Does it remember? Has it ever pronounced that word?"
Kiki Dimoula, "The Adolescence of Oblivion"
In an era where images rule everything because the visible has become an oppressor and only what is visible exists, painting seeks again to accomplish its old mission: to mediate through the visible to the invisible and to claim once again the soul of things while establishing above all, their body. If Duchamp through a Dadaistic negative attitude condemned the painting of the retina as vulgar, painting in our days, under certain circumstances, undertakes a crusade against the vulgarity of what is visible and claims the Epiphany-Theophany of what is hidden behind the image of the body, that is longing for its immortality. For these reasons we contempt decorative painting, for these reasons we renounce the painting that is ashamed for its body, hidden behind abstract concepts and smart tricks. This is why we search for the painting of revelation, which is the most difficult!


Iraklis Parcharidis, away from the neo-Greek descriptivism or the ready-made polychromatic emotions, artic­ulates a visual rationale, meditative, architectonic, and elegiac.
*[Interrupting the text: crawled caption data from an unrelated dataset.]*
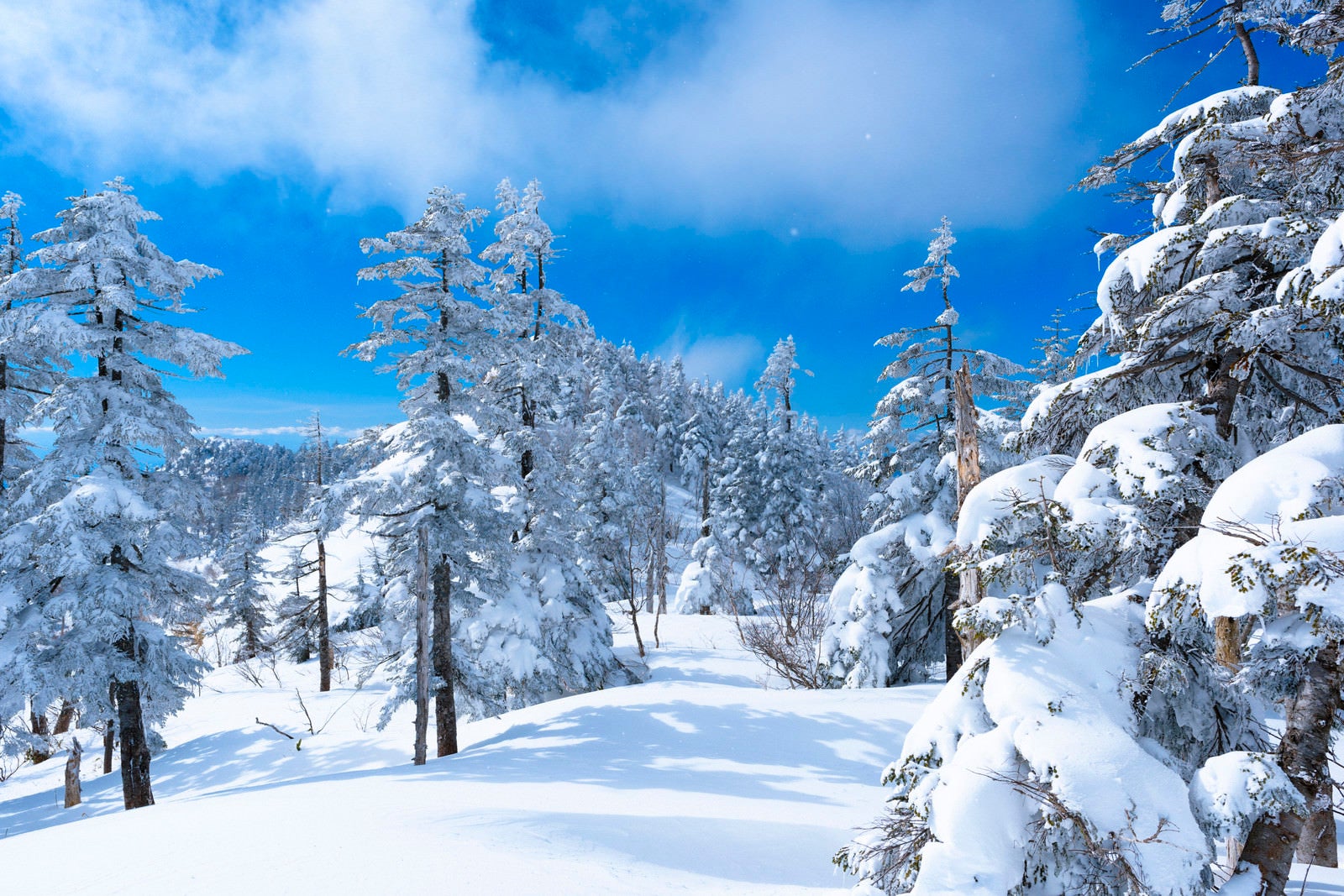 「降雪直後の上州武尊山の森」の写真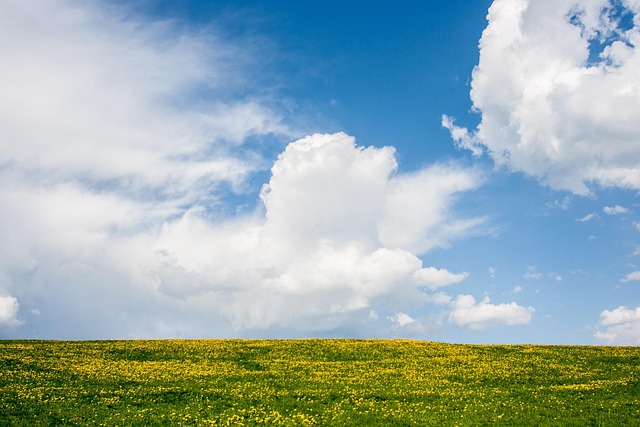 Find Tirzepatide In Warren-troy-farmington Hills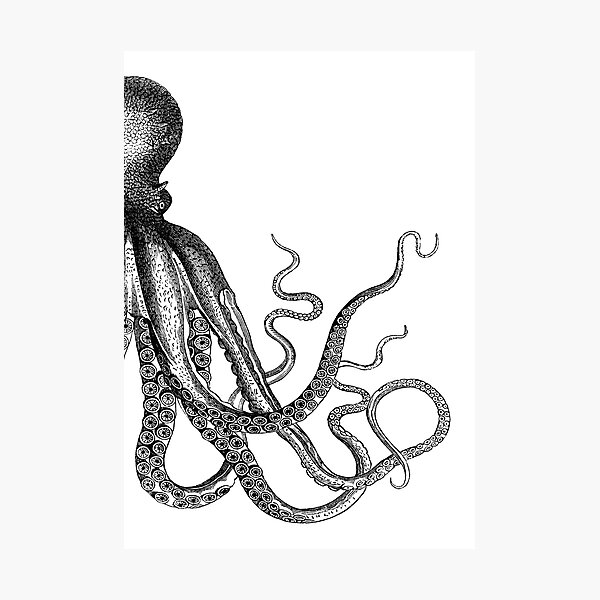 Half Octopus | Right Side | Vintage Octopus | Tentacles | Sea Creatures | Nautical | Ocean | Sea | Beach | Diptych | Black and White | Photographic Print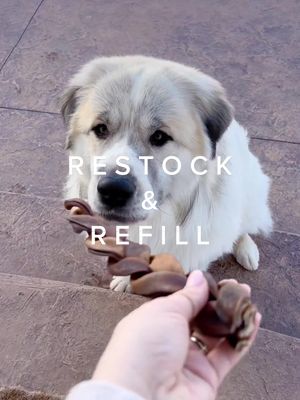 A post by @offbeat_momma on TikTok caption: Treat restock for the puppers! Barry gets so excited when I make these videos - he knows he’ll get something special at the end 😂🥰  #restock #restockasmr #restockandrefill #satisfying #fyp #foryoupage #restockoclock #restockday #asmr #dogsoftiktok #doggo #doglove #greatpyrenees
His subject is the human existence in a world that constantly loses its human characteristics. Such an intention would easily tempt someone to use optical gabbles or melodramatic clichés. The cultivation of the painter however, as well as his mentality protect him from such narrow paths. His poeticism, through his clever drawing inflicts the formation of particular symbols: the figure, the house, the city, the tree, the group of people, the primordial landscape, and the mythical nature before the arrival of people. Dimoula would say it differently: "I am an amateur human being. How could I form better complains? Because painting in our days mostly exists to defend complains".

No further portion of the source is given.